DIRECTIONS:
Nothing but the lines from the one containing "Vintage Pottery Tipped" to the end of the data should be copied, exactly, and the pictures stay out.

(Crawled caption data)

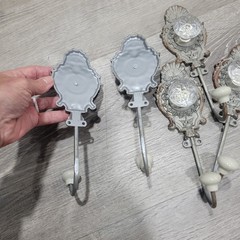 Boho Chabby Chic Home Decor Wall Hooks Set of 5 Metal Glass 8″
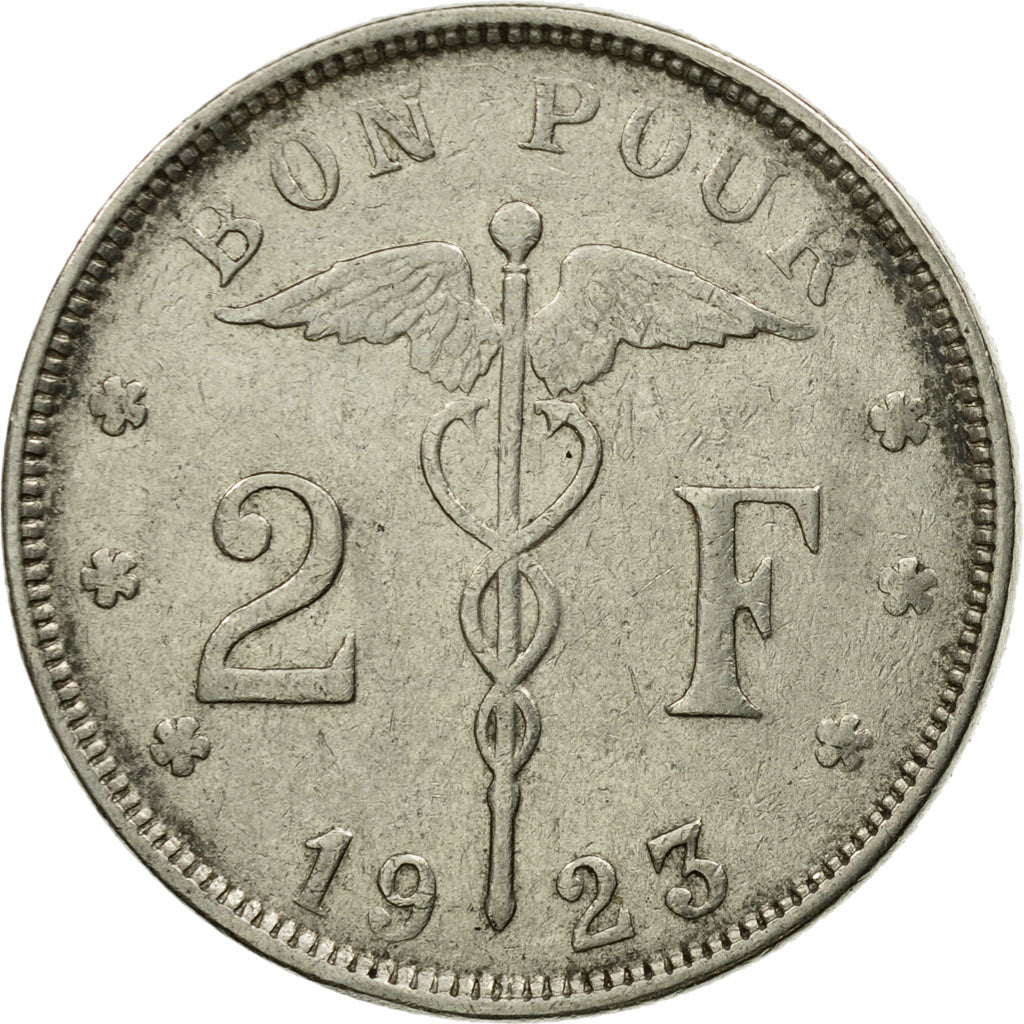 Coin, Belgium, 2 Francs, 2 Frank, 1923, EF(40-45), Nickel, KM:91.1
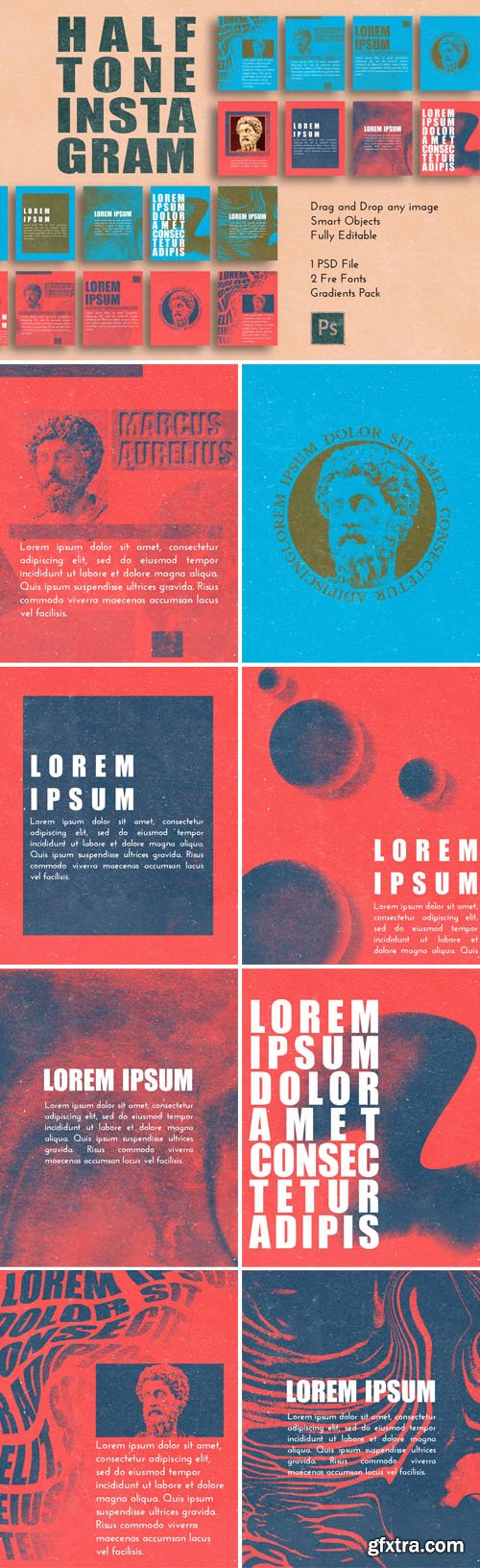 Halftone Instagram PSD Templates + Gradients Pack Halftone Instagram PSD Templates + Gradients Pack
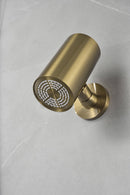 UniMatch Beam hoofddouche rond 1 stand met muurbevestiging geborsteld messing PVD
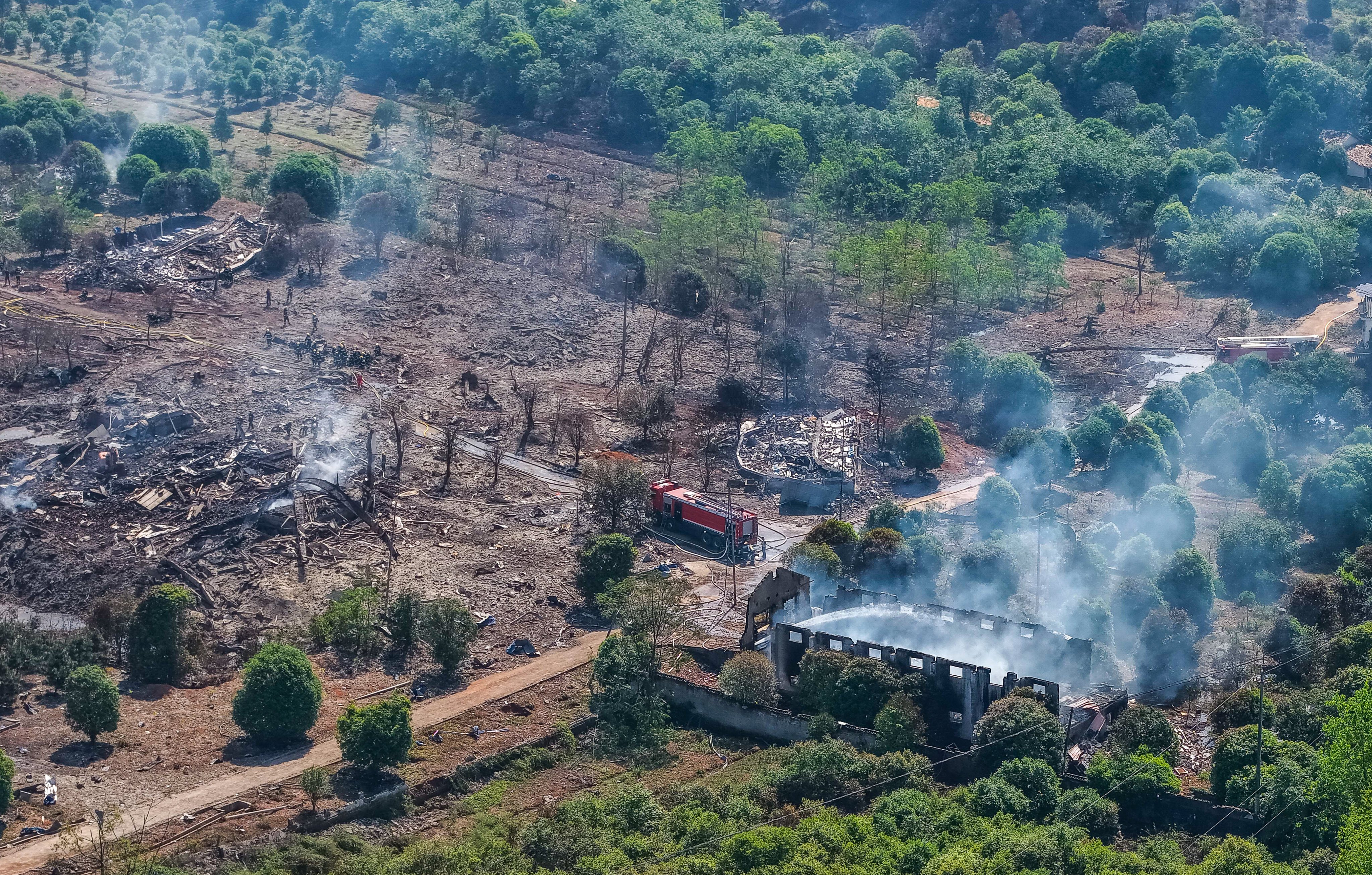 A drone captured this image on Tuesday of the smouldering accident site after Monday’s explosion at a fireworks factory in China’s Hunan province. Photo: Xinhua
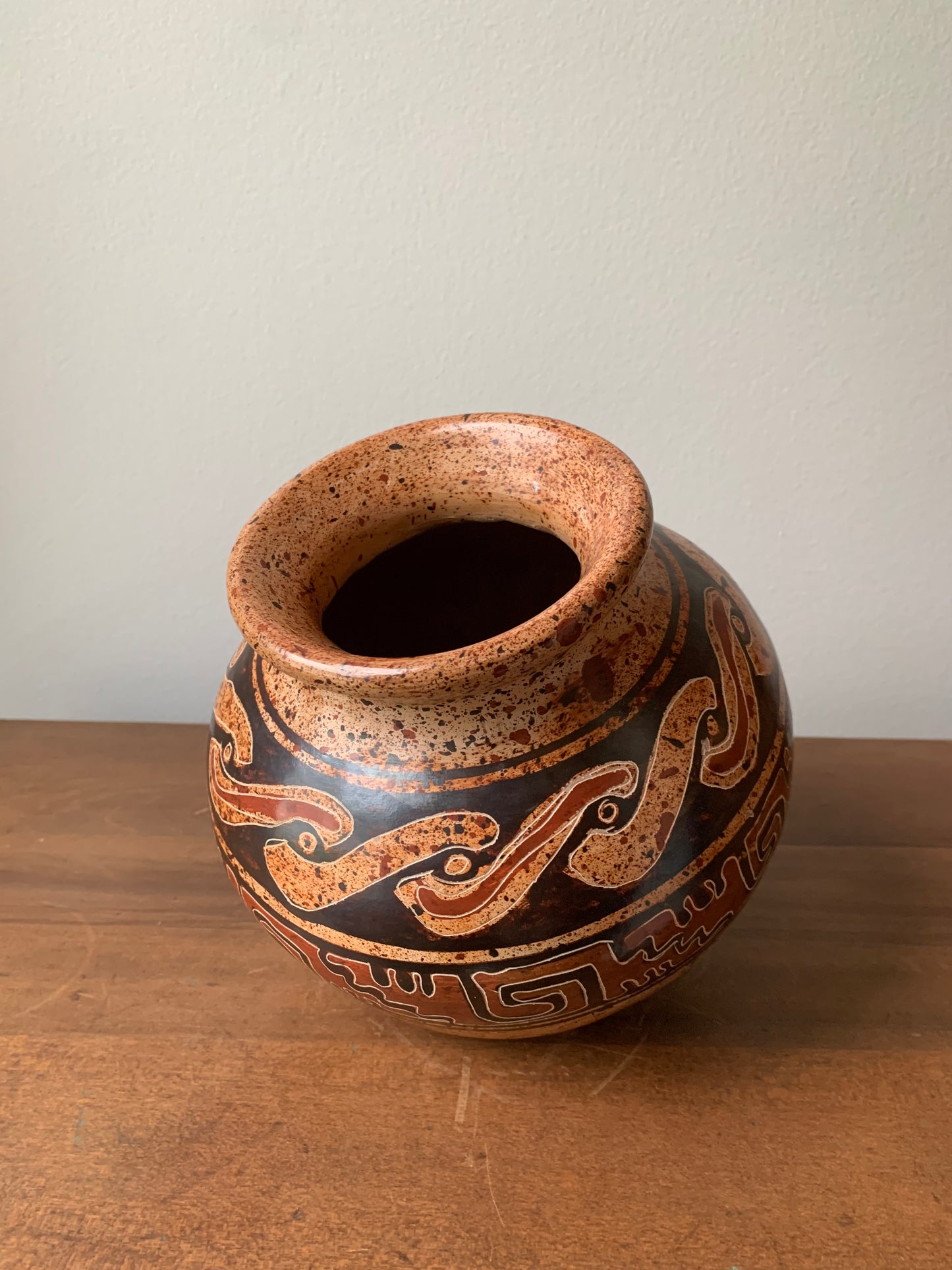 Vintage Pottery Tipped Jar from Costa Rica Signed by Artist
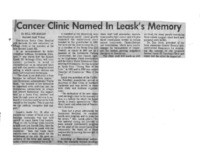 Cancer Clinic Names In Leask's Memory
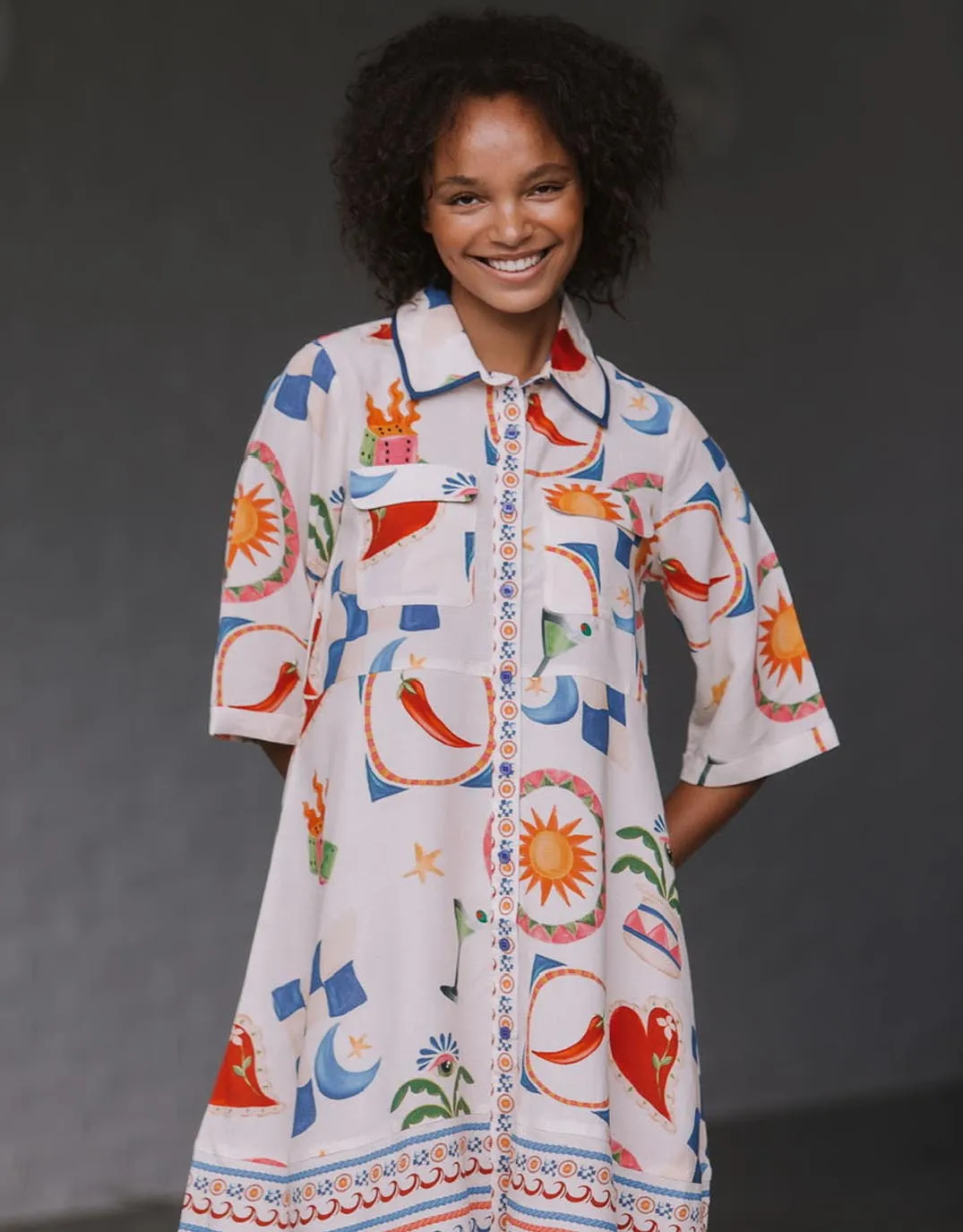 Spicy Margarita Shirt Dress - White/Red/Cobalt Multi sold by White & Co product image thumbnail 3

OUTPUT OF THE TASK:
 Vintage Pottery Tipped Jar from Costa Rica Signed by Artist
 Cancer Clinic Names In Leask's Memory
 Spicy Margarita Shirt Dress - White/Red/Cobalt Multi sold by White & Co product image thumbnail 3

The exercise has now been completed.